For me few things in nature rival the popping of the Aspen leaves. Our mountainous landscape slowly loses the snow and goes from a dreary mix of conifer olives, browns and grays to eye catching green. During the actual popping, the half developed leaves blanket the forests with a shinny lime color. This peculiar splash lasts a mere few days and yesterday on my drive to Blackfoot Reservoir I hit the event right smack on the nose.
Friends Mark Kuhn (Milkfish), who helps me with my webstore and website and first class Jackson Hole fishing guide Boots Allen met me up on Blackfoot Reservoir for a night around the fire followed by a day of sight casting to carp. The weather provided our first 70º day of the year with plenty of sunshine – perfect conditions for spotting Idaho’s largest fly rod fish.

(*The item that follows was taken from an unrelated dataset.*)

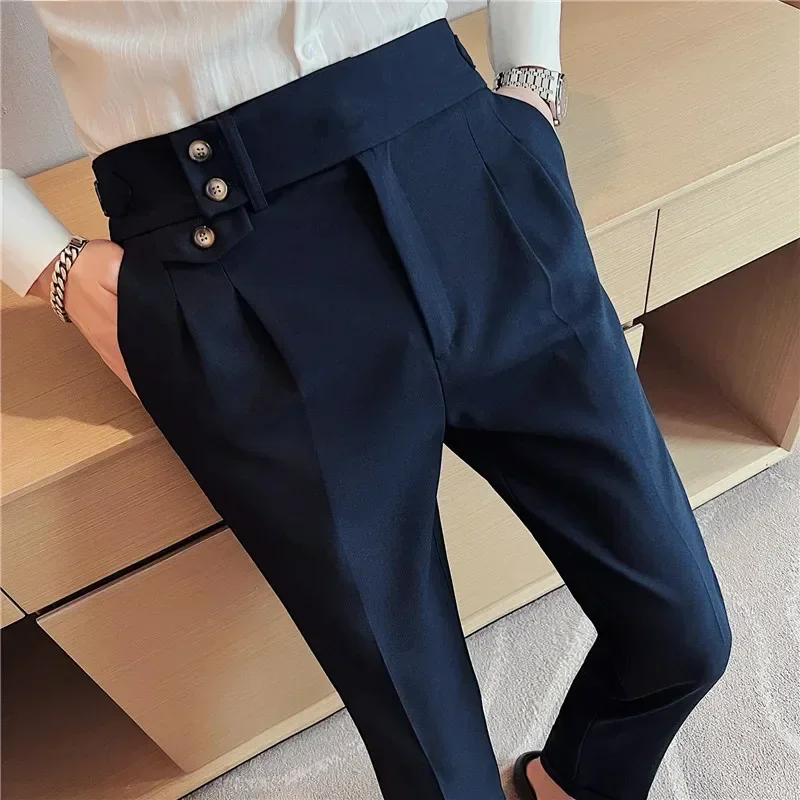 Pantalones de vestir de cintura alta de estilo británico para hombre, pantalón informal de Color sólido, traje Formal ajustado, ropa de moda, otoño,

After a night of fire charred dogs, brats and fish kabobs washed down with cold beers we awoke to the quire of birds on Blackfoot. I guarantee there were more than thirty species going off early in the morning but ringing above all the others are the sandhill cranes and meadowlarks. Just like the popping of the Aspen leaves, the birds sing like this only once a year.
Instead of fishing on Blackfoot we headed over to Soda Springs, Idaho and fished the lake right outside of town. The carp are smaller here but easier to catch and mostly mirrors however we get the occasional common carp. We were so amped up that we arrived too early and had to linger around for it to warm up and the first carp to stir.

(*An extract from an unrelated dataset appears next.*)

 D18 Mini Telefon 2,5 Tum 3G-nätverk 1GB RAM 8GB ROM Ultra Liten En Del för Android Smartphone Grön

At 11 AM it’s like someone turns the switch on. The lifeless flats become a haven for 4-12lb carp. This lake is by no means crystal clear so all you see is a strange rusty/brown colored shape slowly moving. And the wind started earlier than predicted so it was a challenge to pick out these blobs through the chop.
My favorite flies on this lake are the same ones I chuck in Belize for bonefish. I use a mix of Crazy Charlie’s and rubber legged contraptions such as the Bonefish Bitter. My favorite colors are green, olive and best of all, brown.
I was christening my new 9-foot 5-weight Winston Boron III LS. Attached to it was my twenty year old Ross Gunnison 2 and a new SharkWave fly line. The 5-weight always surprises folks but for sensitive carp I like the delicacy a 5 provides over the sometimes overpowering heavier weight rods. And trust me, this Winston blew my mind as to just how fantastic a fly rod can cast.
Things never got revved up like expected. The carp, which I imagine were seeing flies for the first time all year, were frustratingly finicky. We went through a plethora of fly choices before I finally caught three quick carp on a small tan Bitter. I’m delighted to say the first fish on the new Winston was a fully scaled mirror carp!
Two of the carp were mirrors but the last was this stunning common carp. This respectable bronze colored fish was mudding. I dropped my fly inches ahead of where I could see his waving tail and he charged for it. The carp provided me with a nice equipment check as he screamed off the entire fly line!